Free-text object descriptions:
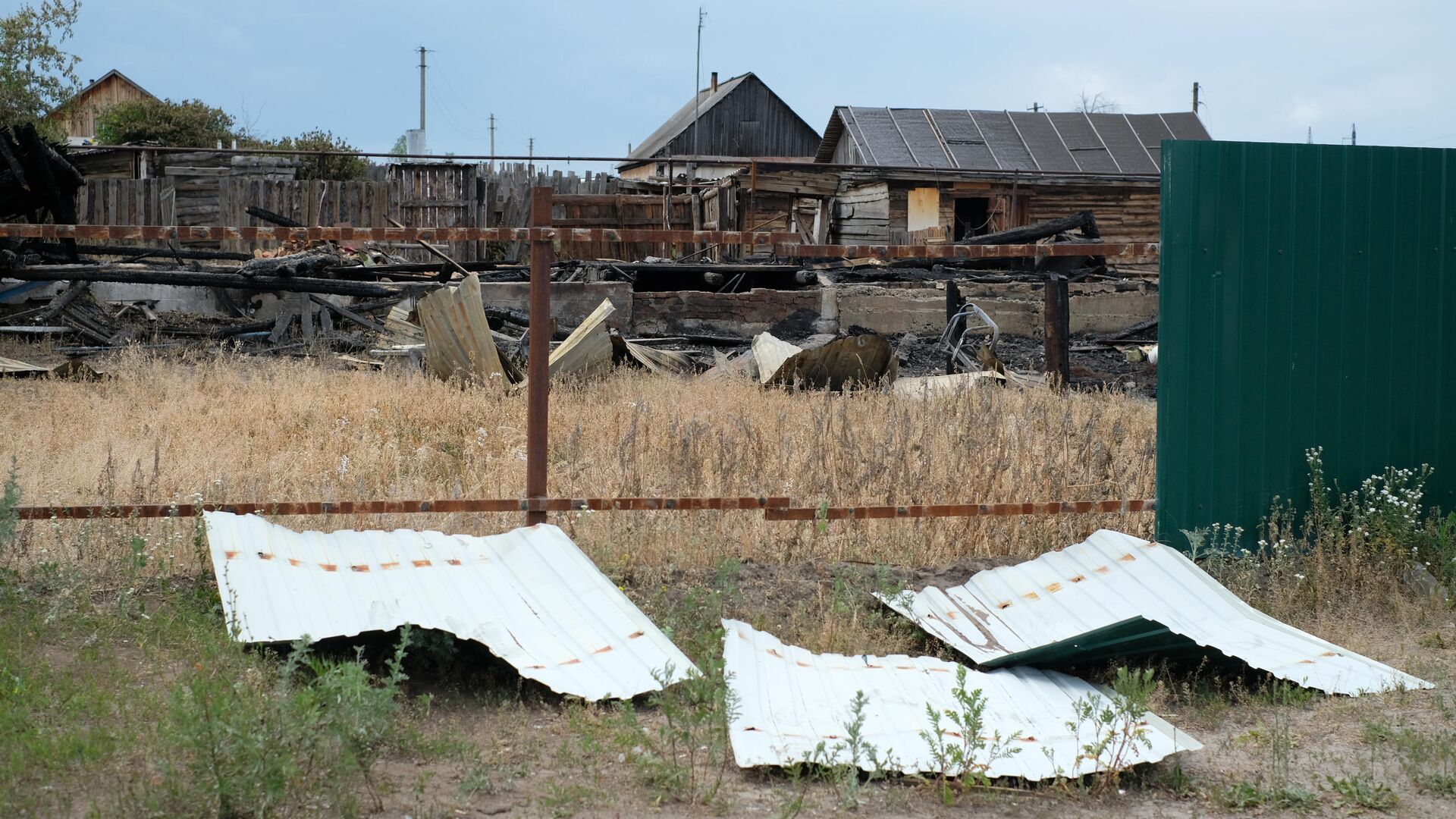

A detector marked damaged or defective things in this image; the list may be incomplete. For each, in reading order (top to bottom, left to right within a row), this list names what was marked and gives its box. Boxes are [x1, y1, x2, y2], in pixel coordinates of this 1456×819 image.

rusty horizontal metal rail [0, 223, 798, 244]
rusty metal sheet [416, 272, 512, 388]
rusty metal fence post [521, 186, 547, 521]
pile of charred debris [0, 127, 1159, 393]
rusty horizontal metal rail [774, 240, 1159, 256]
rusty horizontal metal rail [8, 495, 798, 519]
rusty horizontal metal rail [8, 495, 1147, 519]
rusty horizontal metal rail [768, 498, 1153, 516]
crumpled metal roofing sheet [205, 510, 698, 693]
rusty metal sheet [208, 510, 701, 693]
crumpled metal roofing sheet [879, 524, 1426, 690]
rusty metal sheet [879, 524, 1426, 690]
crumpled metal roofing sheet [722, 620, 1200, 775]
rusty metal sheet [722, 620, 1200, 775]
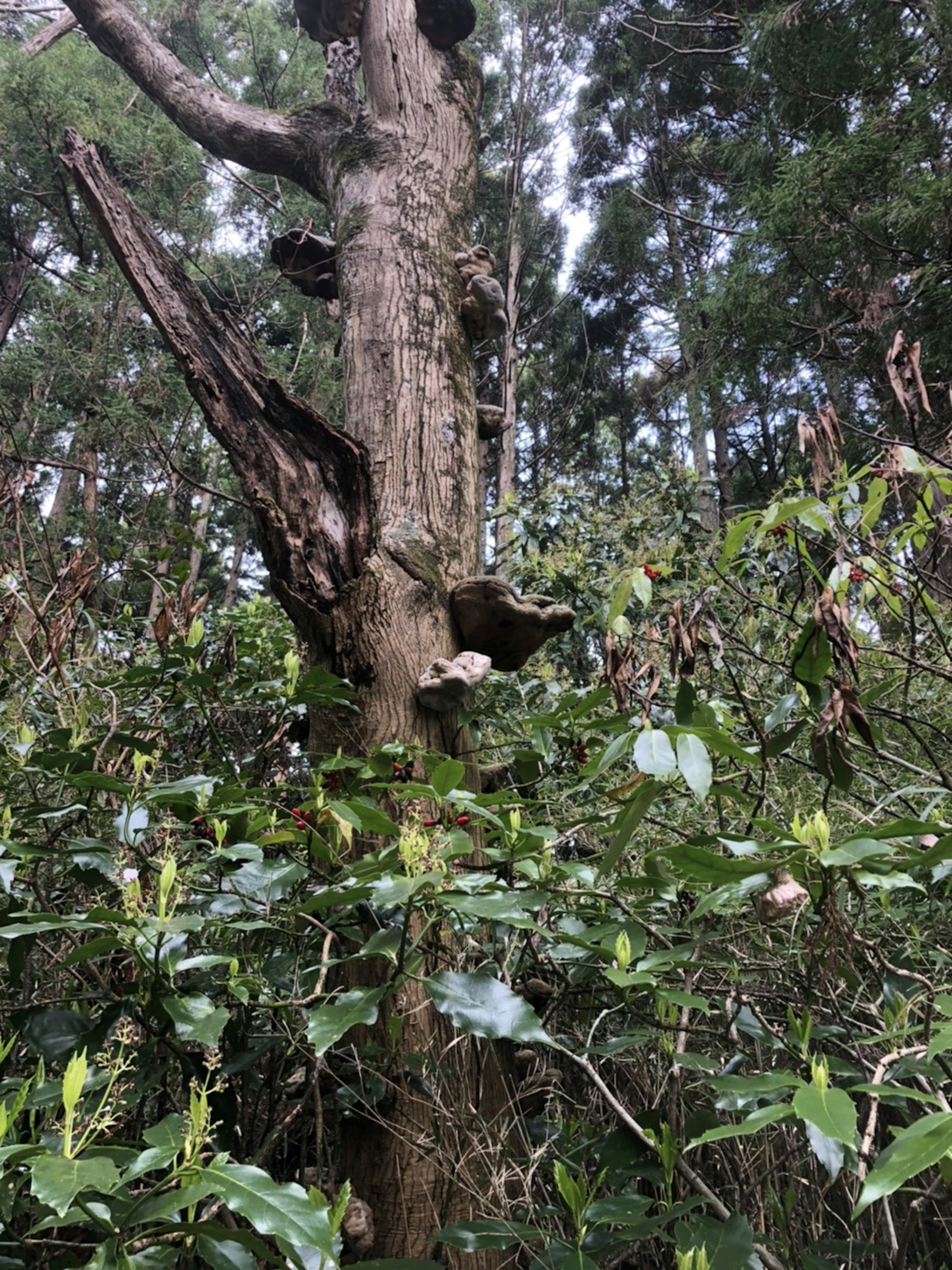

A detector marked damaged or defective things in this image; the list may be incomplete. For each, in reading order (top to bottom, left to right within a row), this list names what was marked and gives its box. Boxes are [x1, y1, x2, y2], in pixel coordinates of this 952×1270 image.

splintered dead wood [59, 127, 373, 615]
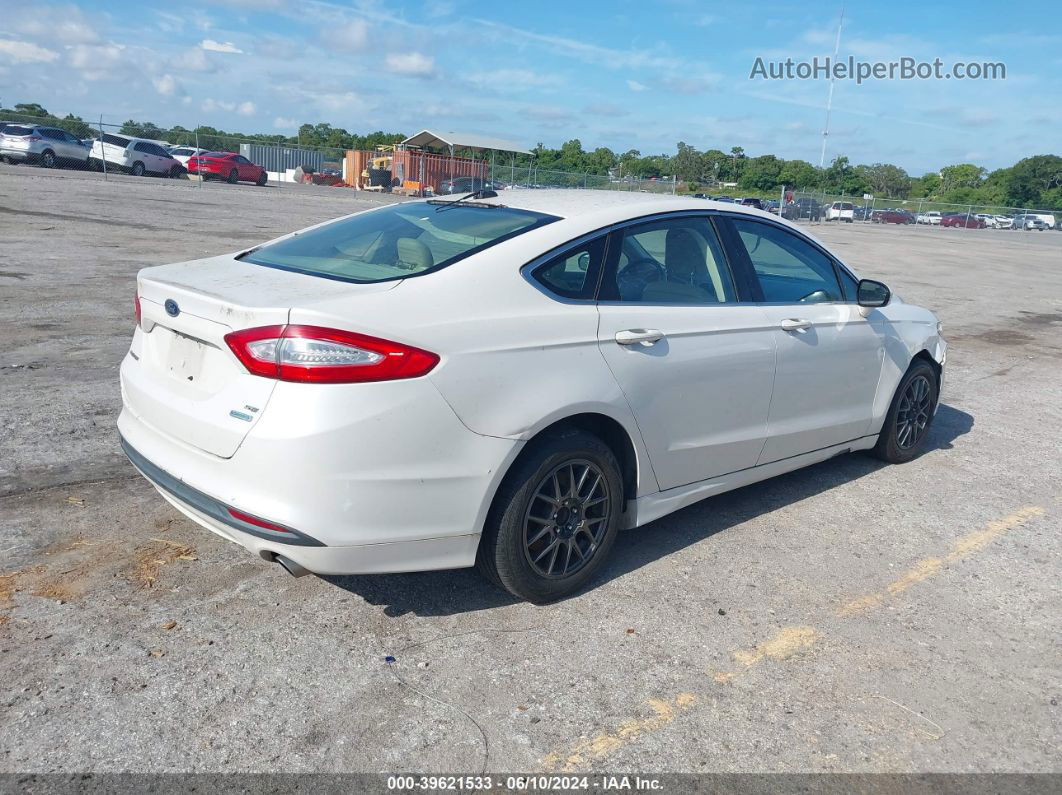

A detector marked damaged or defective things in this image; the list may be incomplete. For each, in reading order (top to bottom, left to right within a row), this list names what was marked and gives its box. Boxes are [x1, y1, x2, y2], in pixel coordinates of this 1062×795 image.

dent on car door [594, 212, 777, 490]
dent on car door [722, 215, 887, 464]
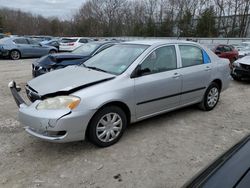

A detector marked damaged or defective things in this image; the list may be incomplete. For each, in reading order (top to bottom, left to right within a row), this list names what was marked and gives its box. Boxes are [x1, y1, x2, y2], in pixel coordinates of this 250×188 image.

broken bumper cover [8, 80, 94, 142]
damaged front bumper [8, 81, 94, 142]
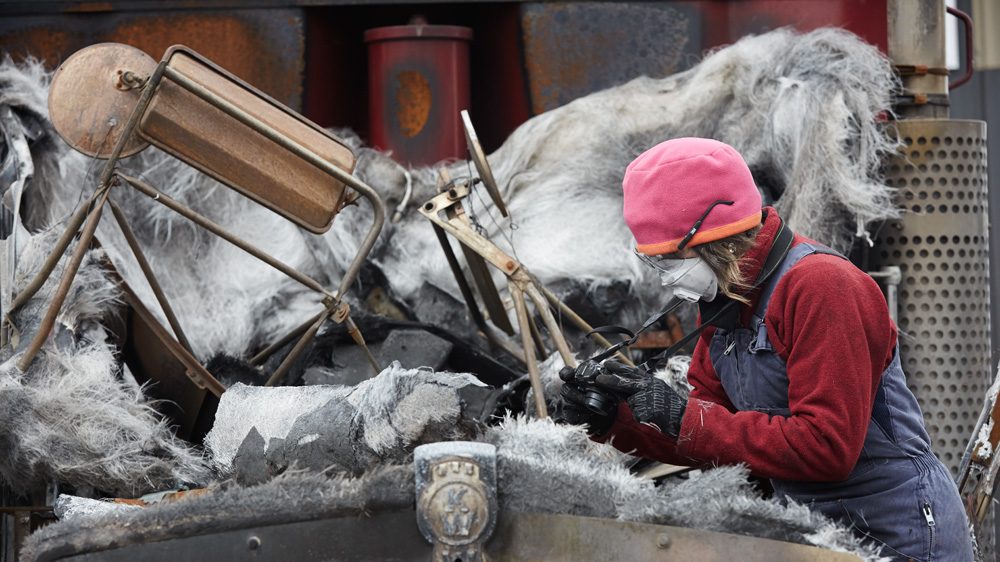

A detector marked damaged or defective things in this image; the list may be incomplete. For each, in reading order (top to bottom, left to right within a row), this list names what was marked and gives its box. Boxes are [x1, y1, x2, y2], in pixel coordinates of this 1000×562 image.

rusty metal bar [16, 187, 112, 372]
rusty metal bar [109, 199, 195, 352]
rusty metal frame [1, 51, 384, 384]
rusty metal bar [116, 174, 328, 298]
rusty metal bar [162, 66, 384, 302]
rusty metal bar [248, 308, 322, 366]
rusty metal bar [264, 306, 330, 384]
rusty metal frame [422, 179, 632, 416]
rusty metal bar [516, 280, 548, 416]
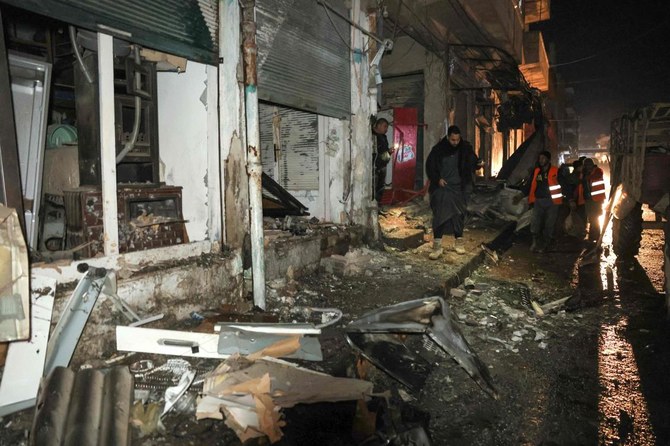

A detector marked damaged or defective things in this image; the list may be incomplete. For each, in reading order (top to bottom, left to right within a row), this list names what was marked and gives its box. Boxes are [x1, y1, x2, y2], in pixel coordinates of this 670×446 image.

damaged building facade [0, 0, 556, 426]
mangled vehicle part [346, 298, 498, 398]
mangled vehicle part [30, 366, 135, 446]
mangled vehicle part [197, 356, 376, 442]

--- EXERCISE ---
From the first line to the last, set down the records word for word and drop the images.

--- TASK OUTPUT ---
A detector marked damaged or defective things in this image; the list may be incomplete. For each, in reading order (top to bottom, left to right within a row), this list names what was marked and gives its box. Boxes are [x1, y1, x2, y2], in pixel coordinates of this 1456×819 image.

rusty horizontal metal rail [0, 223, 798, 244]
rusty metal sheet [416, 272, 512, 388]
rusty metal fence post [521, 186, 547, 521]
pile of charred debris [0, 127, 1159, 393]
rusty horizontal metal rail [774, 240, 1159, 256]
rusty horizontal metal rail [8, 495, 798, 519]
rusty horizontal metal rail [8, 495, 1147, 519]
rusty horizontal metal rail [768, 498, 1153, 516]
crumpled metal roofing sheet [205, 510, 698, 693]
rusty metal sheet [208, 510, 701, 693]
crumpled metal roofing sheet [879, 524, 1426, 690]
rusty metal sheet [879, 524, 1426, 690]
crumpled metal roofing sheet [722, 620, 1200, 775]
rusty metal sheet [722, 620, 1200, 775]

A detector marked damaged or defective things in this image; the list may be incomplete. For each, in reading order (top to bottom, left to right within a row), this list names what was marked and gives its box. Boxes are [x1, y1, x2, y2], in pixel coordinates of this 952×1270 image.

splintered dead wood [59, 127, 373, 615]

A detector marked damaged or defective things in this image; the list may be incomplete. For each, in reading order (top to bottom, left to right within a row), this list names what was marked and gives its box. Boxes are [x1, y1, x2, y2], in pixel coordinates of this 1062×795 image.

dent on car door [594, 212, 777, 490]
dent on car door [722, 215, 887, 464]

A detector marked damaged or defective things in this image; the list may be incomplete. For each, in reading order (top to bottom, left to right within a row), this list names what was marked and gives its box. Boxes are [x1, y1, x2, y2], in pixel coordinates of this 250×188 image.

broken bumper cover [8, 80, 94, 142]
damaged front bumper [8, 81, 94, 142]

A detector marked damaged or defective things in this image; the list may be incomplete. For each, in reading order (top to bottom, left to right within a row), this list names what was marked and gives its box. Boxes are [x1, y1, x2, y2], in pixel coordinates of this 1000×562 image.

rusty metal bar [16, 187, 112, 372]
rusty metal bar [109, 199, 195, 352]
rusty metal frame [1, 51, 384, 384]
rusty metal bar [116, 174, 328, 298]
rusty metal bar [162, 66, 384, 302]
rusty metal bar [248, 308, 322, 366]
rusty metal bar [264, 306, 330, 384]
rusty metal frame [422, 179, 632, 416]
rusty metal bar [516, 280, 548, 416]

A detector marked damaged or defective things in this image; the list may be incomplete. For each, in reading order (top to bottom, left to right within a row), this list names what was marked and gives its box. Boxes are [x1, y1, x2, y2], in pixel coordinates of this 670×446 image.

damaged building facade [0, 0, 556, 426]
mangled vehicle part [346, 298, 498, 398]
mangled vehicle part [30, 366, 135, 446]
mangled vehicle part [197, 356, 376, 442]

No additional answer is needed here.